The outcome of the EU referendum has put valuers in an unenviable position. The RICS Red Book requires a valuer to identify a situation where a reduced level of certainty should be attached to their valuation (VPGA 9 – Valuations in markets susceptible to change: certainty and uncertainty). The effect of the general political and financial uncertainty generated by the leave vote as regards the UK property market is not yet fully clear. So far, at least one of the large valuers in the UK has made the decision to caveat its valuations finalised post-23 June with a note to the effect that the valuer has less confidence than usual in the probability of the valuation coinciding with the price achievable on a sale, as a result of the Brexit vote.

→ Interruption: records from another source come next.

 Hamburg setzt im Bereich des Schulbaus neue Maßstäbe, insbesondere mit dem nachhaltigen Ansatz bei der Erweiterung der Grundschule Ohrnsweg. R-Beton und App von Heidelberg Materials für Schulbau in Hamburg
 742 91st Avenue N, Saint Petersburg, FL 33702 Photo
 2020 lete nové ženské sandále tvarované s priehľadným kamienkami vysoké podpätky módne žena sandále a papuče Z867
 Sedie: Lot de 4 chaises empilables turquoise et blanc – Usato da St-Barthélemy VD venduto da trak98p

Absent other mitigating features, this may not be welcome for a lender basing its credit decision on a more risky loan to value, in particular, junior or mezzanine lenders, and we are already seeing caution in the market on this basis. Speculating on mitigating features, we note that U.S. lenders are used to relying on ‘bad boy’ guarantees. These guarantees (and the related loan agreements with the borrowers) typically alter the liability of the borrower and guarantor under the financing transaction in two respects once triggered. First, the guarantee of the borrower’s obligations, usually given by an owner or principal of the borrower, will become operative (or “spring” into effect) upon the occurrence of one or more enumerated “bad acts.” Second, the otherwise non-recourse loan obligation of the borrower will convert into a recourse loan obligation, thereby making the borrower and the sponsor guarantor fully liable for all obligations.
Although this approach has so far been robustly rejected in the EU market, perhaps the next two or three years will see these requests/requirements become more prevalent.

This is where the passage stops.